▶ INFORMATION SHOWN:
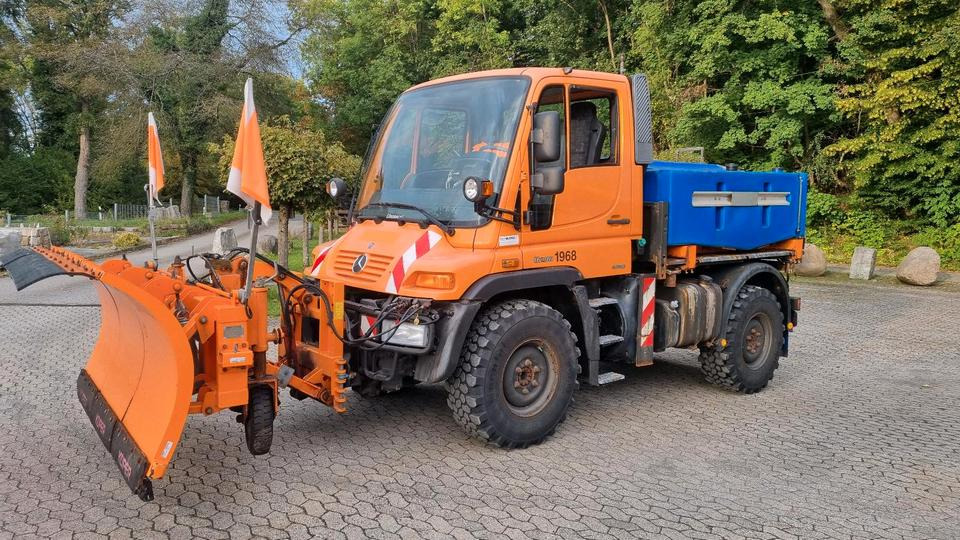 Makinë për heqjen e borës Zu Vermieten Unimog U 290 300 400 500 mit Winterdienstausstattung Schmidt Stratos Schneepflug Mercedes Benz: foto 1
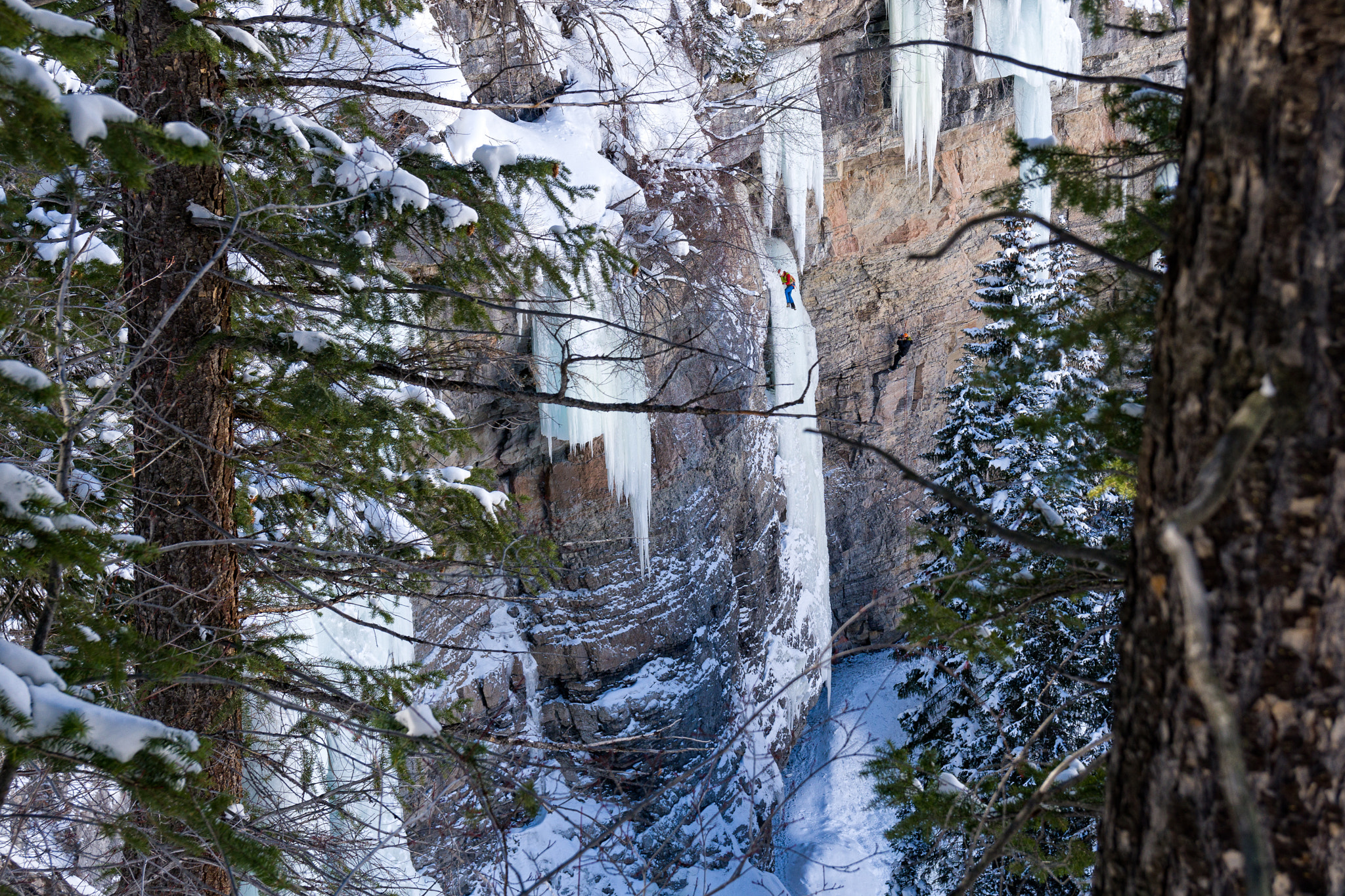 Sony a6300 + Sony Vario-Tessar T* E 16-70mm F4 ZA OSS sample photo. Ice climbing vail colorado photography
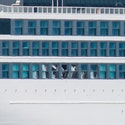 Büyük 'Haydut Dalga' Yolcu Gemisi Penceresine Çarptıktan Sonra 1 Ölü, 4 Yaralı
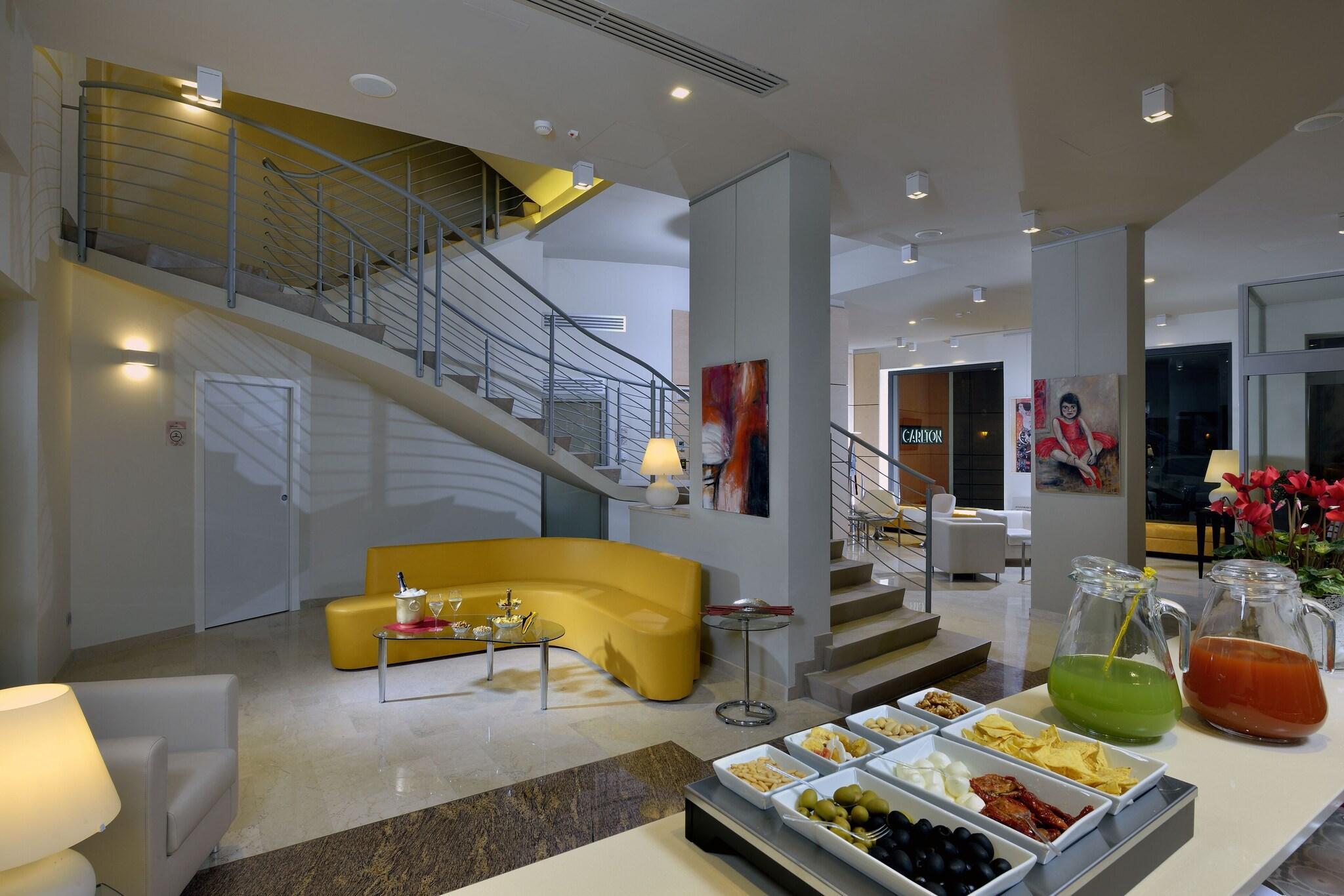 Bar/Salón Hotel Carlton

▶ WORK REQUIRED: Each word of the data should be repeated exactly, and the pictures left out.

▶ REPLY TO THE TASK:
 Makinë për heqjen e borës Zu Vermieten Unimog U 290 300 400 500 mit Winterdienstausstattung Schmidt Stratos Schneepflug Mercedes Benz: foto 1
 Sony a6300 + Sony Vario-Tessar T* E 16-70mm F4 ZA OSS sample photo. Ice climbing vail colorado photography
 Büyük 'Haydut Dalga' Yolcu Gemisi Penceresine Çarptıktan Sonra 1 Ölü, 4 Yaralı
 Bar/Salón Hotel Carlton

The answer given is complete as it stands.